* WORK TO COMPLETE
Shown below is a listing with pictures; reproduce exactly, and only, the lines between the ones containing "Продава 3-СТАЕН, гр." and "one_23_87 banner", inclusive, leaving the pictures out.

* AVAILABLE RECORDS

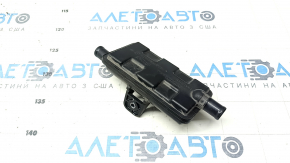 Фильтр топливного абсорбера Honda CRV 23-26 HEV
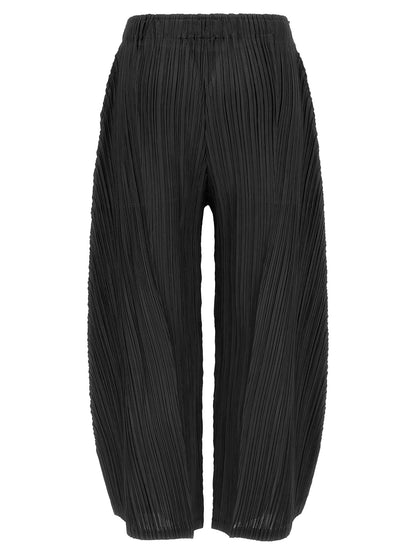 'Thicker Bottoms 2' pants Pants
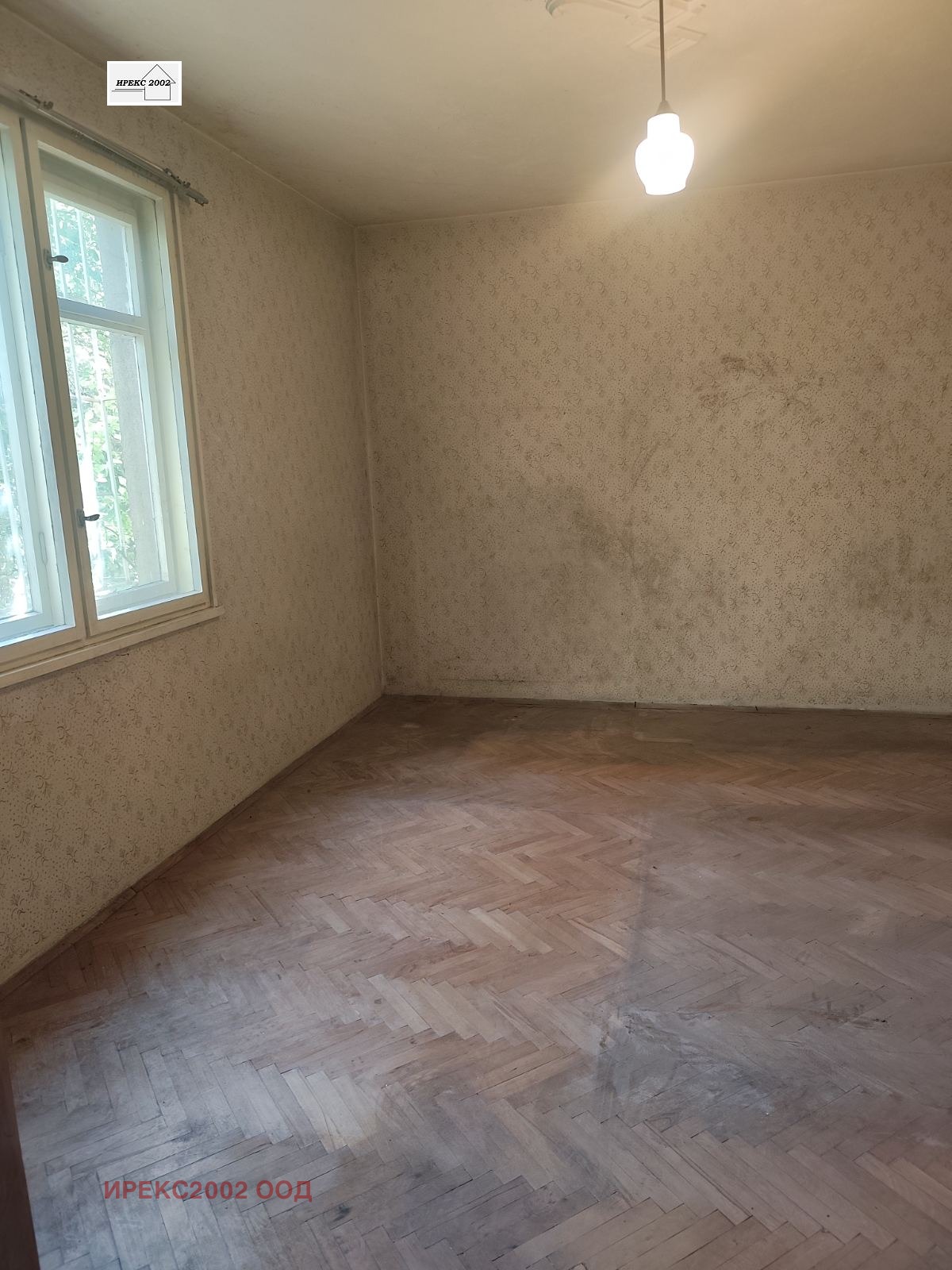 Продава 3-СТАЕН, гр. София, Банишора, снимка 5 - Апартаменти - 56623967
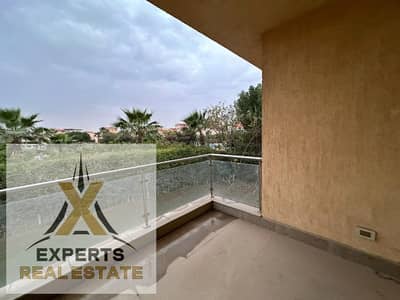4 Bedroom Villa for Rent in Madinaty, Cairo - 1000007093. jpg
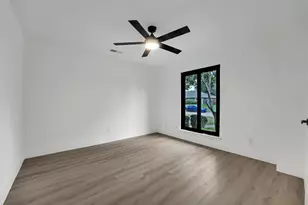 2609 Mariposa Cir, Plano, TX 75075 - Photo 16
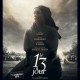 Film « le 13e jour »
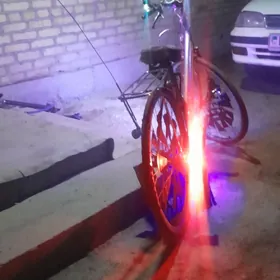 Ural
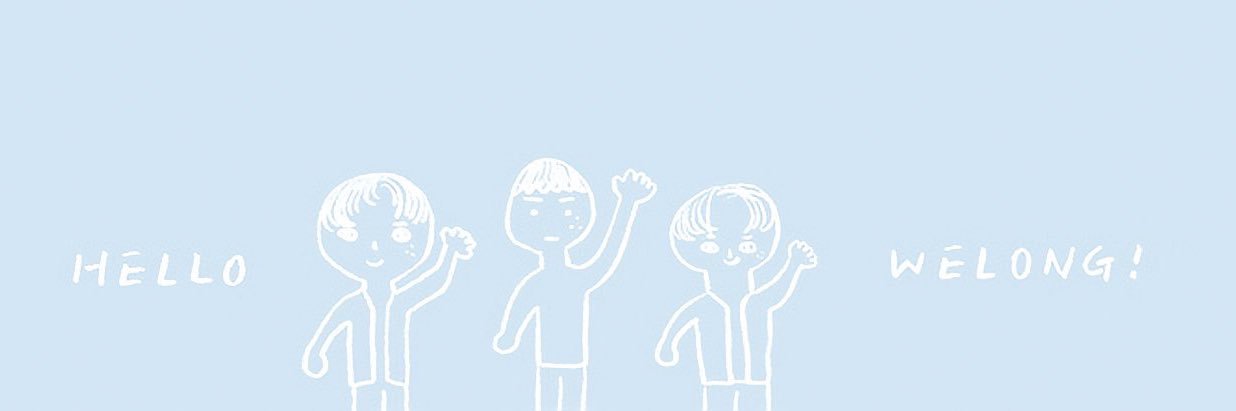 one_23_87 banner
* * *
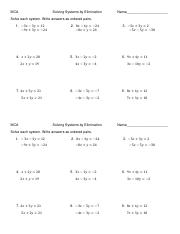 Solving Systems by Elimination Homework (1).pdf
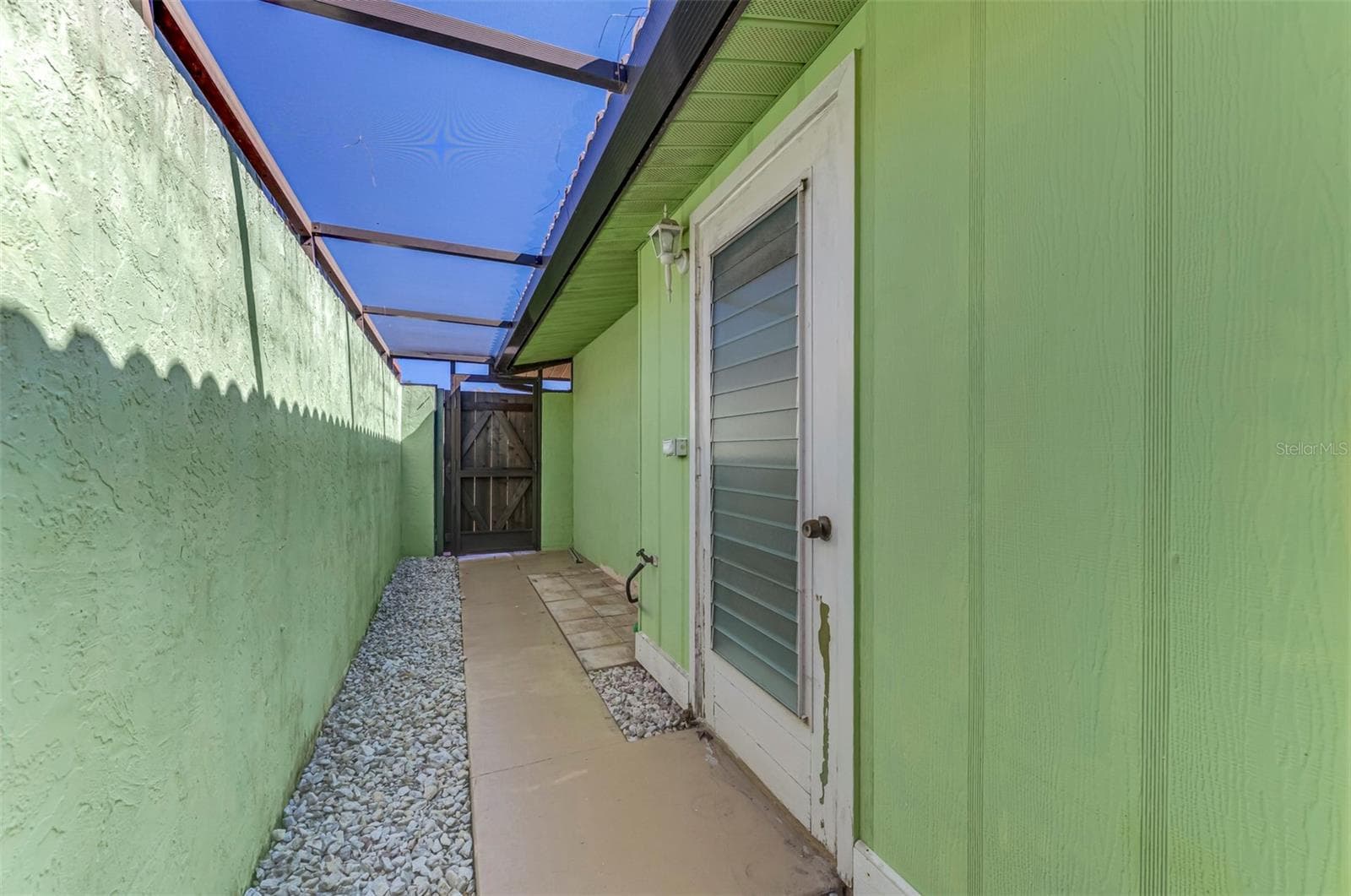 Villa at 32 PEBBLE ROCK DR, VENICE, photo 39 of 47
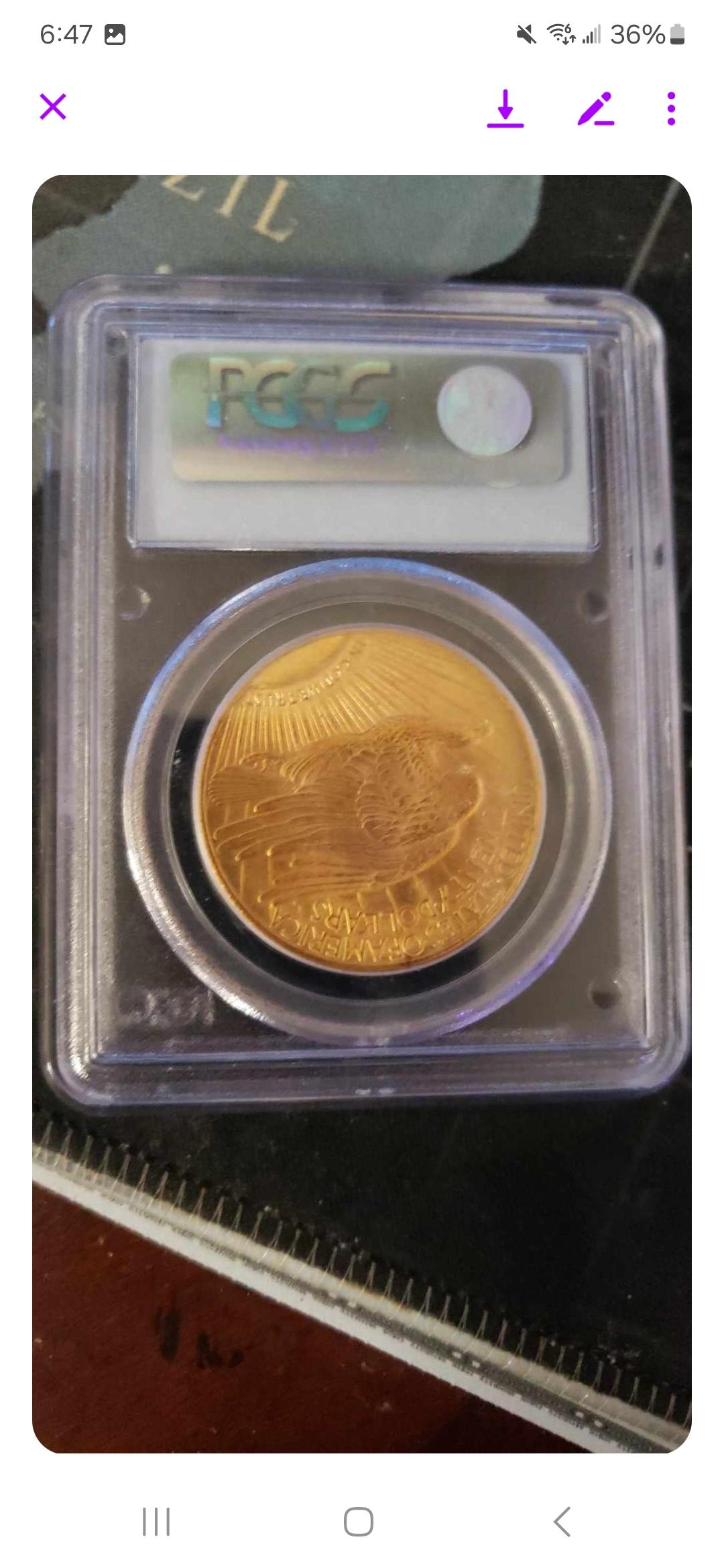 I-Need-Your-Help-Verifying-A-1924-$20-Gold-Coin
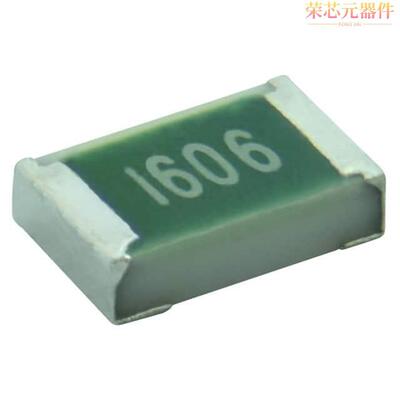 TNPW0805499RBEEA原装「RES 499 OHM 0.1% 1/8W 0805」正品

* SOLUTION
 Продава 3-СТАЕН, гр. София, Банишора, снимка 5 - Апартаменти - 56623967
4 Bedroom Villa for Rent in Madinaty, Cairo - 1000007093. jpg
 2609 Mariposa Cir, Plano, TX 75075 - Photo 16
 Film « le 13e jour »
 Ural
 one_23_87 banner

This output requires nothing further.